Je suggère de retenir les paramètres suivants :
1. Le premier est l’horizon d’investissement le plus court au sein du portefeuille de titres considéré. Cet horizon indique l’exigence de liquidité optimale que vous souhaitez sur le portefeuille. Il pourra s’agir de la journée, de la semaine,…
2. L’horizon en tête, soit vous avez besoin de pouvoir investir dans un taux sans risque et alors vous identifiez le taux d’intérêt qui vous est accessible par l’intermédiaire en qui vous avez le plus confiance, soit vous n’avez pas besoin d’investir sans risque et vous utilisez une référence (monétaire, obligataire) présente sur le marché qui vous concerne : ici pour l’Euro, l’EONIA, l’EURIBOR, le taux de rémunération des deposit des chambres de compensation, le TAM, le T4M,… (les deux derniers devenant désuets)
3. Selon le besoin, ce taux sera ou non net de fiscalité.
Pour résumer
Un taux par zone monétaire.
L’horizon d’investissement le plus court que vous ayez.

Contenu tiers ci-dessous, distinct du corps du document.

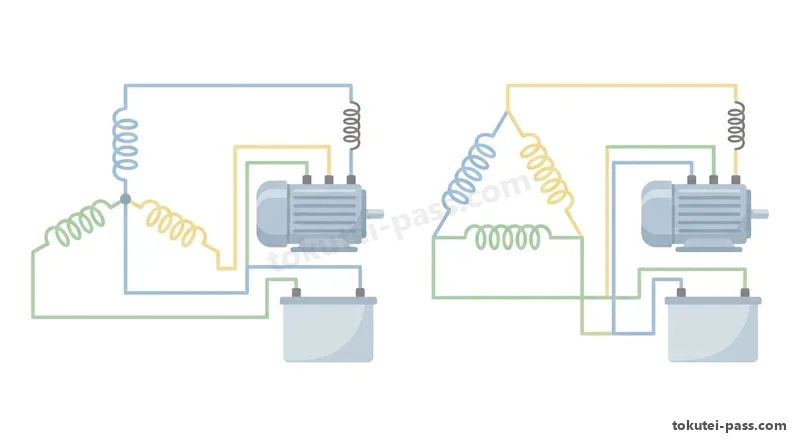 Three-Phase AC Circuits (Y and △ Connections), Three-Phase Power Calculation, and Power Capacitors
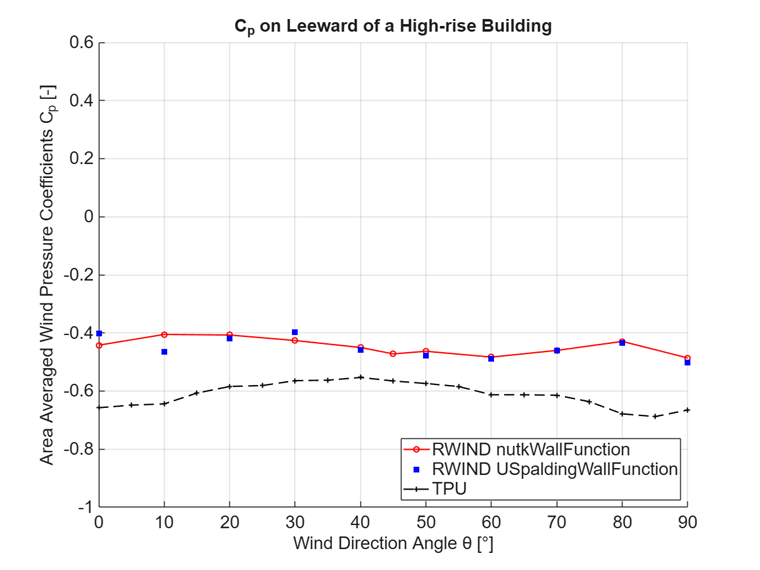 Comparación del coeficiente de presión del viento en el lado de sotavento de un edificio de gran altura (comparación entre USpaldingWallFunction y nutkWallFunction)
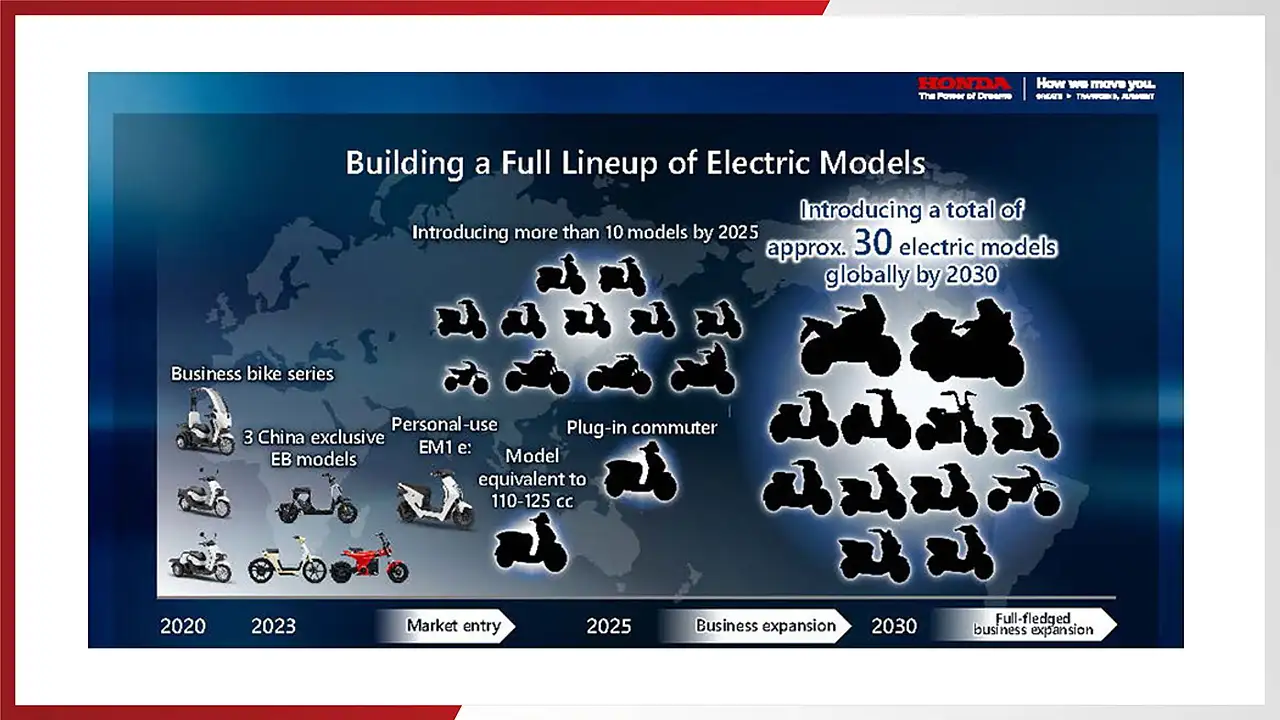 Honda Sets Ambitious Targets For Electric Motorcycle Business mobility outlook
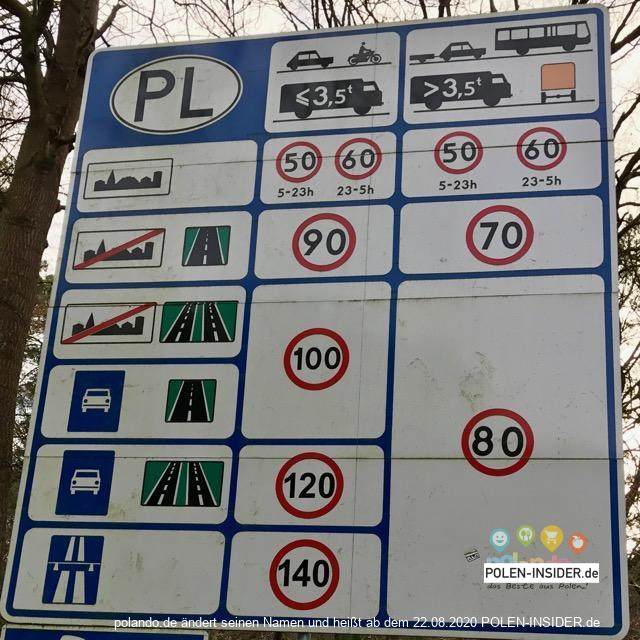 Verkehrsvorschriften in Polen – das müsst ihr wissen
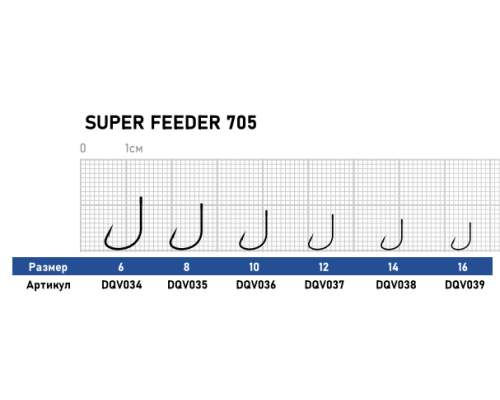 Крючок Dunaev Super Feeder 705 # 14 (упак.10шт)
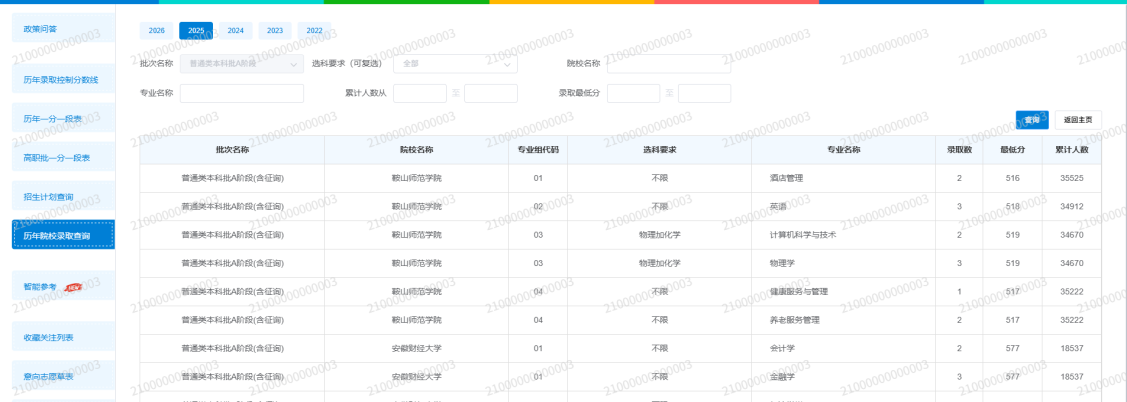 图:历年院校录取查询页面 图:历年院校录取查询页面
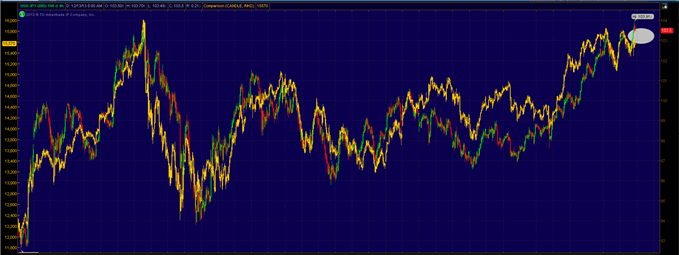 2 Reasons USD/JPY Is on "Shaky Ground"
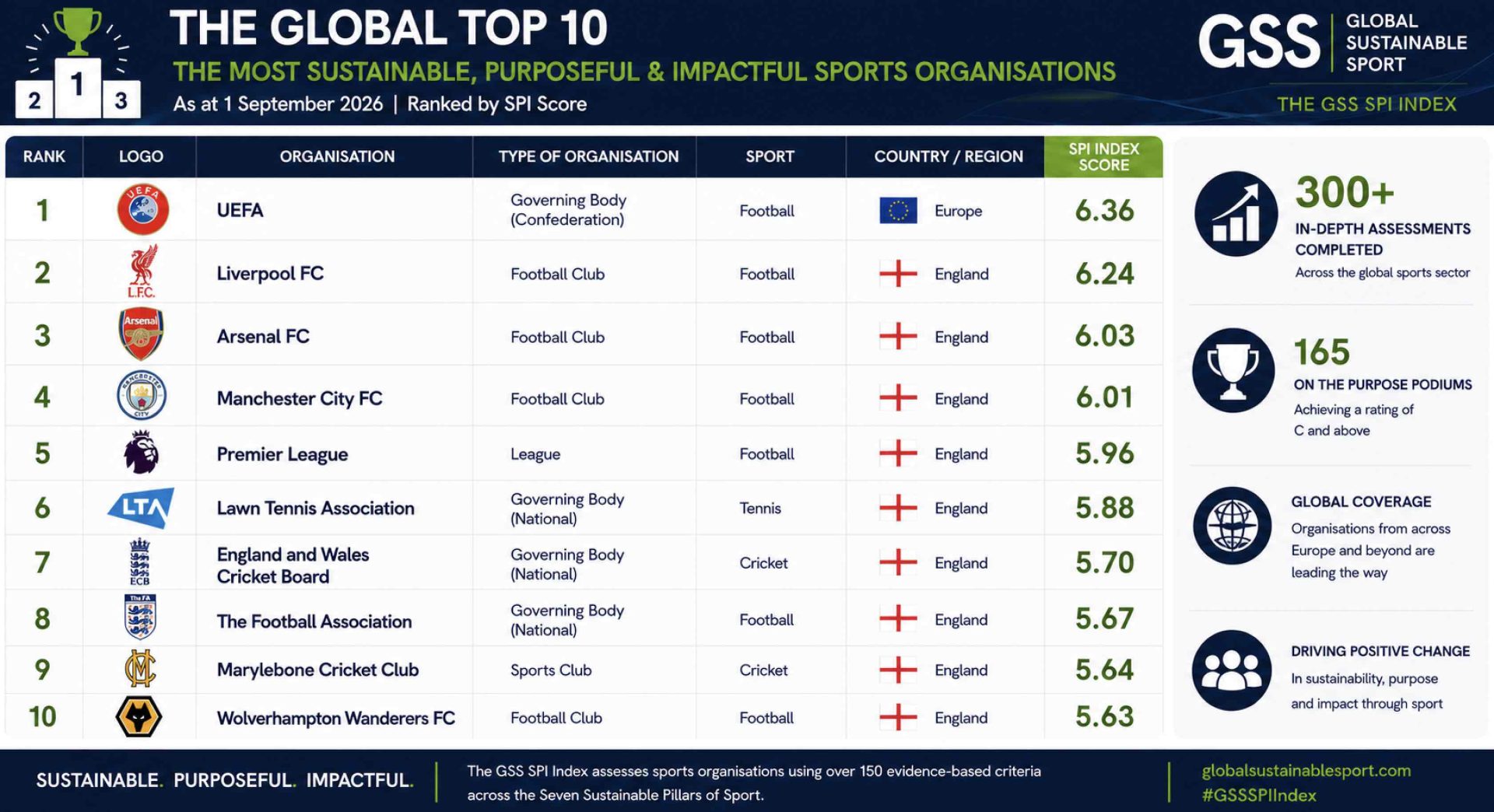 The Purpose Podiums Break 150: A New Way of Measuring the Value of Sport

Un taux qui vous est accessible réellement ou à défaut une référence monétaire sur cet horizon.
Avec en mémoire que : le sans risque n’existe pas ( d’ailleurs le prêteur lui même génère un risque qui lui est propre (sa survie, celle des intermédiaires qu’il a choisi,…), le taux « sans risque » est propre à chaque entité, et peut évoluer en fonction de l’évolution des objectifs de cette entité.
Un exemple
Au sein des reportings qu’une société de gestion de portefeuille produit régulièrement pour rendre compte de son travail (que les fonds soient ouverts ou dédiés), de nombreux calculs sont réalisés en utilisant un taux sans risque : le calcul du bêta d’un portefeuille (d’après le CAPM), le ratio de Sharpe et tout un tas d’indicateurs plus ou moins pertinents. Pour déterminer la référence, plusieurs critères interviennent :
– qu’elle soit dans la base de donnée, c’est donc une donnée de marché que l’on peut traiter de manière industrielle,
– qu’elle soit adaptée à la liquidité (ou la valorisation du fonds). Si on peut acheter vendre des parts tous les jours ou tous les mois ce n’est pas pareil et en y mettant du capital, l’investisseur accepte un placement sur cet horizon de temps minimum. Il comparera donc la rémunération « sans risque » qu’il pourrait obtenir sur ce même horizon,
– qu’elle soit adaptée à l’expression de l’objectif (EONIA + 300 points de base par exemple) si pertinent,
– qu’elle soit la plus avantageuse possible pour le reporting. Eh oui, entre deux références qui ont du sens, on prendra celle dont les résultats ressortent le mieux en général. Par exemple, plus le taux sans risque est faible plus le ratio de Sharpe sera important.
Ainsi, un fond à valorisation journalière aura pour référence l’EONIA. En revanche, pour un hedge fund dont la fenêtre est de 6 mois, l’EURIBOR sur cette durée pourra être plus approprié, même si ce n’est pas le choix retenu par le gérant.